While in 2021, 45% of companies had no women in at least one of the four positions, there are only 34% companies in the same situation now. Though it’s worth noting that while more companies now have at least one woman in a position of influence, the overall percentage for all roles has only gone up one percentage point, from 19% to 20%.
In general, the share of seats going to women hit a record high in 2022, at 58%, no doubt at least in part due to the FCA target that at least 40% of all board members are women by end of 2025. It’s also notable that the share of seats going to experienced female directors (59%) is higher than the share going to their experienced male counterparts: women made up 59% of the appointments going to experienced directors, up from 52% in 2021.
However, the report shows that when looking at full board composition, as of January 2023 just an average of 41% of FTSE 350 seats are held by women, with still only 55% of companies having reached the 40% quota. So there is still a way to go.
Alice Breeden, Co-Leader of the European CEO & Board at Heidrick & Struggles: “Whilst we recognise the benefits and potential pressures of appointing experienced leaders in the current operating environment, any form of retrenchment to traditional skills and experiences should be seen as a step backwards for progress.
“Despite the economic climate, there is a need for increased diversity – rather than less – to solve the system-wide problems facing businesses today. We are continuing to encourage boards to seek a wide range of backgrounds, experiences, knowledge, and capabilities to ensure they future proof the board and the organisations they serve.”
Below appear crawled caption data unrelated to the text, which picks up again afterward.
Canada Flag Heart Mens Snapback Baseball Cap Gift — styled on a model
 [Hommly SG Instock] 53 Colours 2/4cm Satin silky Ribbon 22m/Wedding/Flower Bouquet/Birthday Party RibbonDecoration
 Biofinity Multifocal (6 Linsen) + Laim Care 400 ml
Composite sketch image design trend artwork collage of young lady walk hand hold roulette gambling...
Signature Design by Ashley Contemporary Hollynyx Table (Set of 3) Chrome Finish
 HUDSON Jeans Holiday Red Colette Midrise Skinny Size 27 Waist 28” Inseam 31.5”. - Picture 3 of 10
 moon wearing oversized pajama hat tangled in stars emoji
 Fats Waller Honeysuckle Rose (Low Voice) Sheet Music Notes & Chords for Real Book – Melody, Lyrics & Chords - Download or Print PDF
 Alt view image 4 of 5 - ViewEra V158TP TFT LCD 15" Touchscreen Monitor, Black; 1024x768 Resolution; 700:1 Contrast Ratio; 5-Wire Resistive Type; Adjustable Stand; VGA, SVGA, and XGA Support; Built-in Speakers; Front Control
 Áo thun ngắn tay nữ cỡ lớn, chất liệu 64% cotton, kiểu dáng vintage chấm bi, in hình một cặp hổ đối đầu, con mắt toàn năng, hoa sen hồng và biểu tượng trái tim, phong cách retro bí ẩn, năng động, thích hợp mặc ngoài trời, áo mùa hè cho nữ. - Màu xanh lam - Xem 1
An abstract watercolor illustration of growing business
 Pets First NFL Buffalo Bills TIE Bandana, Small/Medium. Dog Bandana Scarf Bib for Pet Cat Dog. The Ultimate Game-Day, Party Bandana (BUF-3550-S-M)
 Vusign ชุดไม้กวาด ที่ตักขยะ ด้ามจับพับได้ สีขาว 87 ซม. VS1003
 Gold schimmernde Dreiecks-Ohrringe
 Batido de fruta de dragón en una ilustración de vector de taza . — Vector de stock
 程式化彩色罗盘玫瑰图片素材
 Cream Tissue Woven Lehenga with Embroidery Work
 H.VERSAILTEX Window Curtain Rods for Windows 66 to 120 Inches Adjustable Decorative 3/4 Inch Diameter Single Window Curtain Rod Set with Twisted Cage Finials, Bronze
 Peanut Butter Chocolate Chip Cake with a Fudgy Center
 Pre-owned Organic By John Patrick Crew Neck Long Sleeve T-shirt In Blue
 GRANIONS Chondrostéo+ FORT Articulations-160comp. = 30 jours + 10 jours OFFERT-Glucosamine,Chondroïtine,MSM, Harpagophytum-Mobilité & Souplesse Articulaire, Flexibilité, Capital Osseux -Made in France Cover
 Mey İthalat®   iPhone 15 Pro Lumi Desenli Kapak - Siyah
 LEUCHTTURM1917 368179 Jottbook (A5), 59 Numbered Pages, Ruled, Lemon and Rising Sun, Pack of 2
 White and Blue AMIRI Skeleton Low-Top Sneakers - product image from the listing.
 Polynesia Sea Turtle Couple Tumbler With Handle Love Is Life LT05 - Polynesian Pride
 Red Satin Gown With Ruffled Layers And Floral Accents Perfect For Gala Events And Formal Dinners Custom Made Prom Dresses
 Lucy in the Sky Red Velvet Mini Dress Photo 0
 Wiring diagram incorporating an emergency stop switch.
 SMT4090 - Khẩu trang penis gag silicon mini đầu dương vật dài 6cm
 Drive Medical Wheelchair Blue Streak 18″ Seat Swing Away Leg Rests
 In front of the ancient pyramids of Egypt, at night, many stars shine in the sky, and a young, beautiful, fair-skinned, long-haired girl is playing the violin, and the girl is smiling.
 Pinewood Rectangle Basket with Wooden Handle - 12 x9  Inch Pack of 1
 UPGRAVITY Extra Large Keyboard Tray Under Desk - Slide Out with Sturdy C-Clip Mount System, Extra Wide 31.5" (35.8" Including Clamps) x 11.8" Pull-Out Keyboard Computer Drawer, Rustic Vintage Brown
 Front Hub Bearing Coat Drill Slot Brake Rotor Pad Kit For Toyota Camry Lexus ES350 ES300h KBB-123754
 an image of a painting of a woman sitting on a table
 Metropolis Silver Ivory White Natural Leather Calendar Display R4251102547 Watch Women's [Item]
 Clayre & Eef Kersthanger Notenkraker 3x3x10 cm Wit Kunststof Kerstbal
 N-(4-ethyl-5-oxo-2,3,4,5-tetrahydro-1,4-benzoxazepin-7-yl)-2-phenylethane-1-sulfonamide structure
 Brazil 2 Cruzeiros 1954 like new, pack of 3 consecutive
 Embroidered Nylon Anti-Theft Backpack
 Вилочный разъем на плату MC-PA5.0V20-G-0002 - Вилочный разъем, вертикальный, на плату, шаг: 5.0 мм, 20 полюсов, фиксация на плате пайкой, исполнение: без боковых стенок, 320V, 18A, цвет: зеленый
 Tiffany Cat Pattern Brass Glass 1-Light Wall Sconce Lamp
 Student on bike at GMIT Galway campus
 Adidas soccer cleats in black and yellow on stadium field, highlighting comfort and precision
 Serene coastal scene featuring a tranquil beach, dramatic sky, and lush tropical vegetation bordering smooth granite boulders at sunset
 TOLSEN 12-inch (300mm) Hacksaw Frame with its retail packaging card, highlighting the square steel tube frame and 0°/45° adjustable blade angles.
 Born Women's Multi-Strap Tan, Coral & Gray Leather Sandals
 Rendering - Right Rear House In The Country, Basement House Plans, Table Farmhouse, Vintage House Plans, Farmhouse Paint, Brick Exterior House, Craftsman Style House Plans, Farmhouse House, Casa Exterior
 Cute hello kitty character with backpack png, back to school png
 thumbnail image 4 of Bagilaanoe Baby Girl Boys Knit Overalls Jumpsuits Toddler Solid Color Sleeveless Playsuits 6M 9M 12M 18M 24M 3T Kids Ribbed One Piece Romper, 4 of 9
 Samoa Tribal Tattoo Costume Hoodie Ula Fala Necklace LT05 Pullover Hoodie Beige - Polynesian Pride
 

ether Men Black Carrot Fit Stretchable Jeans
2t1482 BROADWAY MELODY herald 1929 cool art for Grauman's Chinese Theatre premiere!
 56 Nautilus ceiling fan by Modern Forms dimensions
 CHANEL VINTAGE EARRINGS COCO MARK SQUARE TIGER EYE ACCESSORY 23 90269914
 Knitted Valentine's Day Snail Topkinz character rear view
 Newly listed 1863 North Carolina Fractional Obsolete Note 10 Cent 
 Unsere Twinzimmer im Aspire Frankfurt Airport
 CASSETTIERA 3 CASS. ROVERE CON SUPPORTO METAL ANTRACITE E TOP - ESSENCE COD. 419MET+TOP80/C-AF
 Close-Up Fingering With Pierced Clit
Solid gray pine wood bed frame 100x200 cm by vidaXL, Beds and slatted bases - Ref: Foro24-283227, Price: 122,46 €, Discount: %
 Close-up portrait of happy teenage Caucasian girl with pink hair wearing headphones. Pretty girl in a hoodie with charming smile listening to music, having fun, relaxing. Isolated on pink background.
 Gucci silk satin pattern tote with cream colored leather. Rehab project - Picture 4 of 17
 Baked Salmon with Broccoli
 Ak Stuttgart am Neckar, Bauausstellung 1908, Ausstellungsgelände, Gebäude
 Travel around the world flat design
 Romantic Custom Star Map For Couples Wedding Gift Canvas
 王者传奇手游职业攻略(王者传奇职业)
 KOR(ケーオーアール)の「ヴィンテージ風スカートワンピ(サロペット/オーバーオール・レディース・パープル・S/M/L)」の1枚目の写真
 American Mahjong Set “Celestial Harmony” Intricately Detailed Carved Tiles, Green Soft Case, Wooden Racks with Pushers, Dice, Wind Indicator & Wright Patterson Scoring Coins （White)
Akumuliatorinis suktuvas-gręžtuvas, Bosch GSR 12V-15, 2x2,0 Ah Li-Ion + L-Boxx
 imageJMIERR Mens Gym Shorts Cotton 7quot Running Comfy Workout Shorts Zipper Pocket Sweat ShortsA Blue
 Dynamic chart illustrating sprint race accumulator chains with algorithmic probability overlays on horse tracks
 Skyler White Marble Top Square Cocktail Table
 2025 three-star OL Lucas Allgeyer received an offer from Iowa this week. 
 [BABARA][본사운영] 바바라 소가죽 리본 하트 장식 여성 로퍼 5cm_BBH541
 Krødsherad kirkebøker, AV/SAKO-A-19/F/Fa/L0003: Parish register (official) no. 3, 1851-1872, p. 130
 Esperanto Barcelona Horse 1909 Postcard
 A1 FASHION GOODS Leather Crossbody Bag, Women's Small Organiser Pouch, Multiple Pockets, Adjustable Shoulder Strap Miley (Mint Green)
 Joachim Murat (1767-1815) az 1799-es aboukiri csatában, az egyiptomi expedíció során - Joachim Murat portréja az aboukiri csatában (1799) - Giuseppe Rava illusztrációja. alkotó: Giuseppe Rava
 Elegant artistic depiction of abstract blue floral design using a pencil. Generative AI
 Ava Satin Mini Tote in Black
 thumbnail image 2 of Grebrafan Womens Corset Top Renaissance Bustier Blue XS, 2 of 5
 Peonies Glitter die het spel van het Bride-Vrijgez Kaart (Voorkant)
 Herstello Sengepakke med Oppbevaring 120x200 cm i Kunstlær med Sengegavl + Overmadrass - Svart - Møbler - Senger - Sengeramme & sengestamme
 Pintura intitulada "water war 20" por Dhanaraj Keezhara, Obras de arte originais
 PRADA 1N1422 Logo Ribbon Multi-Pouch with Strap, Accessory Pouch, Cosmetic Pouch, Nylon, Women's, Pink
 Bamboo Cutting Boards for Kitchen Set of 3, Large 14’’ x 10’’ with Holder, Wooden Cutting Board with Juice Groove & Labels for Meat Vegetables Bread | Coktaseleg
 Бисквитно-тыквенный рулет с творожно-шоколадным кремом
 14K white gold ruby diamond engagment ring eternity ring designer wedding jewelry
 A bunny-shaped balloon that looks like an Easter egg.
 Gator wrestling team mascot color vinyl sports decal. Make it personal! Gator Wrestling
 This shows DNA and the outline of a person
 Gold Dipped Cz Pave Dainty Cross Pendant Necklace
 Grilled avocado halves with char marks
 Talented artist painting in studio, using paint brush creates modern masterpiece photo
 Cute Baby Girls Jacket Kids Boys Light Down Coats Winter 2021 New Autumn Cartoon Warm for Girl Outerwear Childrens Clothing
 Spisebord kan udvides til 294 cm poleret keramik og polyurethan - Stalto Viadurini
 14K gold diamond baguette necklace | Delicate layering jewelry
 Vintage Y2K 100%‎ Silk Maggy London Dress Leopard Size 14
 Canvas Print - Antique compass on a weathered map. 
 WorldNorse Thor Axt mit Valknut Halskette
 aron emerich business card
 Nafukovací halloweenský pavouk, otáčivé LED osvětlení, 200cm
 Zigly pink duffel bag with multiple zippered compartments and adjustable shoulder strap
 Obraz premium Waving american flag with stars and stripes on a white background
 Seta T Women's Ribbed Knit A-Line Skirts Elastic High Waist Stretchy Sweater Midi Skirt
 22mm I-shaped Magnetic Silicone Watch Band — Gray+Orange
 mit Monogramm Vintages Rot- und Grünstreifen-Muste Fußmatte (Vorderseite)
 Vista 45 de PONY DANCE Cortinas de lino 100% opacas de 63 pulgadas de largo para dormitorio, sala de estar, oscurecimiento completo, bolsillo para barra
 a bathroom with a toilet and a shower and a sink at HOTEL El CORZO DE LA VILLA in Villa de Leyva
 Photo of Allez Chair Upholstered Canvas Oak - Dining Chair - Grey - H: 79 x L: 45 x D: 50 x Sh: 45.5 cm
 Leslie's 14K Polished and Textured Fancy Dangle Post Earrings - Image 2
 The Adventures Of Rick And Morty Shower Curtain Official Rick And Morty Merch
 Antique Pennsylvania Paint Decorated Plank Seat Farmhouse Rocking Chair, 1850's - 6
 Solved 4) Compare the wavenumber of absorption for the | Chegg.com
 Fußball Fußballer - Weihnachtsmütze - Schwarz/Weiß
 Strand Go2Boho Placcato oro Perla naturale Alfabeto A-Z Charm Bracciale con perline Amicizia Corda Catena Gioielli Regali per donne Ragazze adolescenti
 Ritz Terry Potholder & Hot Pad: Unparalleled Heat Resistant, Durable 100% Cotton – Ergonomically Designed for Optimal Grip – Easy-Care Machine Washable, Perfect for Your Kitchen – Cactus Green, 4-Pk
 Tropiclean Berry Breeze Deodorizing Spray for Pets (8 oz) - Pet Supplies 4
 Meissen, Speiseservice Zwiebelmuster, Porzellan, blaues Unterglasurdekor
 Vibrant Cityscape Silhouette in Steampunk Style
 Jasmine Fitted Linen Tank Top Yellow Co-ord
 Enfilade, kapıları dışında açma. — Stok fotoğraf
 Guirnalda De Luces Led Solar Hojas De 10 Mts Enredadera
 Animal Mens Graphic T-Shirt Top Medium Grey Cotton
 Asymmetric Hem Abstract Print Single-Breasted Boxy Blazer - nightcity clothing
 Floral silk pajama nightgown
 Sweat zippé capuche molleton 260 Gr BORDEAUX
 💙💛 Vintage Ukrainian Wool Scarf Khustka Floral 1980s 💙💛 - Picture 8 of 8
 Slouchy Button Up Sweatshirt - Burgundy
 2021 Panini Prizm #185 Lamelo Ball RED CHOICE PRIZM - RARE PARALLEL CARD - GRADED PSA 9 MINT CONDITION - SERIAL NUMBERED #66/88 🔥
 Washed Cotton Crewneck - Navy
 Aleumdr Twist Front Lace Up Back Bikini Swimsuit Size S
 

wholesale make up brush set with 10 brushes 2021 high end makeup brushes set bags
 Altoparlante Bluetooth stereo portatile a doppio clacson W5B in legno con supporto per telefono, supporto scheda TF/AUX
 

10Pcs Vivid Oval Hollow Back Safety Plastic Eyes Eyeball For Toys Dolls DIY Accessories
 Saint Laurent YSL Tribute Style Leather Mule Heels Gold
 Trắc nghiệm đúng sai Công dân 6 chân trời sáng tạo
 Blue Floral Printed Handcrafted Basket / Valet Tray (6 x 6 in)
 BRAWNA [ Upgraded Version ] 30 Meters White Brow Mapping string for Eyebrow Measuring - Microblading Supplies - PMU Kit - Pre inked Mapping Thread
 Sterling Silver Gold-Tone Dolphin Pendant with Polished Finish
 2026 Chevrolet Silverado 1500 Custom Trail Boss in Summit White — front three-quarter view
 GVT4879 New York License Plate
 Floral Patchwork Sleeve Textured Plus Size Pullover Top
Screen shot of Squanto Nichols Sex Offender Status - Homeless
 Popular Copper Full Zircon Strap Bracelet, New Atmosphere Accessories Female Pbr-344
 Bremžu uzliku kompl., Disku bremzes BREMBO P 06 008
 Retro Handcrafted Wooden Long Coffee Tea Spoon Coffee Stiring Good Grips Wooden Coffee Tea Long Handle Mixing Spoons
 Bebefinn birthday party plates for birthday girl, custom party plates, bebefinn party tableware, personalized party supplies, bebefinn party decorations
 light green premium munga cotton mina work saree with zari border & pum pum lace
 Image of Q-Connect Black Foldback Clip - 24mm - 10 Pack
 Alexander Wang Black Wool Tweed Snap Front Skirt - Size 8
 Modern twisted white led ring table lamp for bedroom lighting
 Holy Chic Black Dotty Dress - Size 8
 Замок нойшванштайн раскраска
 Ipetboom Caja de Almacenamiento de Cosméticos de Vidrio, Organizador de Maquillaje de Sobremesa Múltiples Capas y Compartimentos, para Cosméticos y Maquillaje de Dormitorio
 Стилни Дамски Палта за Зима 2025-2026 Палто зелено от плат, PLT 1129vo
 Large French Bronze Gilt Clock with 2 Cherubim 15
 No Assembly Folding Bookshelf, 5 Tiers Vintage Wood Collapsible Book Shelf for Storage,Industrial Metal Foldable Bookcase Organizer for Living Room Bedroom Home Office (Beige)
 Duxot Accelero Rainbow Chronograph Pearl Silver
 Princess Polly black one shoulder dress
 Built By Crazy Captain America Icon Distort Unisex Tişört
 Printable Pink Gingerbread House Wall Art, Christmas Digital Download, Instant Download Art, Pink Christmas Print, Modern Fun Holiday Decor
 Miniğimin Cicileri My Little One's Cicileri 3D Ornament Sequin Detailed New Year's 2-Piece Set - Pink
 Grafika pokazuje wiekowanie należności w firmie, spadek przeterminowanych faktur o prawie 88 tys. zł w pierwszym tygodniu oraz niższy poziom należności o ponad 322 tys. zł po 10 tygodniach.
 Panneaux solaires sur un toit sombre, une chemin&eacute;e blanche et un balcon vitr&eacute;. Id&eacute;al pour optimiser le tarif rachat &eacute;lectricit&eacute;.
Ethnic Diversity Falls Flat
In general, the findings in the report point to slower progress on ethnic diversity in 2022. While there has been some improvement, progress is largely flat with just a 2% increase to 24% last year. Conversely, the report finds that 72% of seats that went to men, and 76% of seats that went to women are of white ethnicity. At this pace it is unlikely to lead to the progress FCA is aiming for i.e. including the presence of a director of an ethnicity other than white on each board.
Nationality trends also appeared to move backwards – with a decrease in the share of seats going to directors who are not British citizens, with just 31% of seats going to non-nationals compared to 42% in 2021.
What are the Best in Class Boards Doing?
Though it is disappointing to see a decrease in the share of seats going to those under the age of 55, or from diverse backgrounds, Heidrick & Struggles’ report has indicated that the ‘Best in Class’ boards are actively seeking new directors with a mix of traditional expertise to weather the current storm. They are also staying tightly focused on diversity, beyond gender, while continuing to bolster sustainability acumen on their boards.
They are also seeing a growing awareness of the benefits of bringing on younger directors. Though board level experience is a must, including those earlier in their careers allows boards to build a working understanding of perspectives brought by executives who are closer to the intricacies of the newer and more socially nuanced challenges that businesses face. This approach has also been used in temporary seats, offering a sounding board or expert perspective on the topics that need a credible voice.